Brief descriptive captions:
*-*-*

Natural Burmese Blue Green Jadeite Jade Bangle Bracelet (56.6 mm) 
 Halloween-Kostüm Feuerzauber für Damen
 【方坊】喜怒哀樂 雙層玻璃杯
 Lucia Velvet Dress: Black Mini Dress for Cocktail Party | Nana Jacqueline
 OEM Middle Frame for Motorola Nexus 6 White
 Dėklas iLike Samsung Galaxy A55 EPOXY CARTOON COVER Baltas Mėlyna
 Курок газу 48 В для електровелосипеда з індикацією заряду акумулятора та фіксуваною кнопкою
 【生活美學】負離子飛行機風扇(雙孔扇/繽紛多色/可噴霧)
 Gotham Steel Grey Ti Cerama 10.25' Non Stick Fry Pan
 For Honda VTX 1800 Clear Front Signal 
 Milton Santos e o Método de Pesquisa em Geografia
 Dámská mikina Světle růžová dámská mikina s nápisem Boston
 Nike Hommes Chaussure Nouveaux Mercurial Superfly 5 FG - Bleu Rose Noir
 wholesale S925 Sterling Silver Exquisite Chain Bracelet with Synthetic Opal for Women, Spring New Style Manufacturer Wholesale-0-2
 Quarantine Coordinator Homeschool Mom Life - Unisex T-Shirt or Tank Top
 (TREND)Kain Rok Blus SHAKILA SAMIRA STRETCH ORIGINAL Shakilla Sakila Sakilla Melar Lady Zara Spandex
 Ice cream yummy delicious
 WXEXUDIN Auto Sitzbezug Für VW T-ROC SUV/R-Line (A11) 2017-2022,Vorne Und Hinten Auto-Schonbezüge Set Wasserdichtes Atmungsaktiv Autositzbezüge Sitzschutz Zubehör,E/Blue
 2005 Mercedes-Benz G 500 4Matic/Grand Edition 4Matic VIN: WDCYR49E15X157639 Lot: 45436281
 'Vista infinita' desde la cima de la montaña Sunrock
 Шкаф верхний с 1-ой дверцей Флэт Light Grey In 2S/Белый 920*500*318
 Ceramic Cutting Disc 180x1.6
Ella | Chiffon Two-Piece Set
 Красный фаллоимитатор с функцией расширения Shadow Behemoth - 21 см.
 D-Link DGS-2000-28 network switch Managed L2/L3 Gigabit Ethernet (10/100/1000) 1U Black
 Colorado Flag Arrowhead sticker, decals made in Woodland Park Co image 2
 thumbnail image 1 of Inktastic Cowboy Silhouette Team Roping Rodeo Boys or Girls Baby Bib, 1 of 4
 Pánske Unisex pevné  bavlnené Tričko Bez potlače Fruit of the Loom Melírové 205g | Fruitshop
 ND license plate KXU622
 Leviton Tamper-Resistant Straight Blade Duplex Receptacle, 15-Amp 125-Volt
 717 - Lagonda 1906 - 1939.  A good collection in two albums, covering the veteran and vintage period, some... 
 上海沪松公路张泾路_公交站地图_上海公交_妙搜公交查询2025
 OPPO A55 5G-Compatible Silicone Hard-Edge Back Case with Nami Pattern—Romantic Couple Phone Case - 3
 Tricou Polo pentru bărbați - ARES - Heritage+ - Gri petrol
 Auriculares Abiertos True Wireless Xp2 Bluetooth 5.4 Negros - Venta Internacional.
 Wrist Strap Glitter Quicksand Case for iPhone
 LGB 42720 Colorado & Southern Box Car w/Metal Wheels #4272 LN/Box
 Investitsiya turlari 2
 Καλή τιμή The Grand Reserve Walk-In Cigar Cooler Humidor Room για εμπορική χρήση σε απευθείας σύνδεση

*-*-*

**Aim of the exercise**
Copy each line from the data above that includes "with".

**Exercise answer**
 wholesale S925 Sterling Silver Exquisite Chain Bracelet with Synthetic Opal for Women, Spring New Style Manufacturer Wholesale-0-2
 OPPO A55 5G-Compatible Silicone Hard-Edge Back Case with Nami Pattern—Romantic Couple Phone Case - 3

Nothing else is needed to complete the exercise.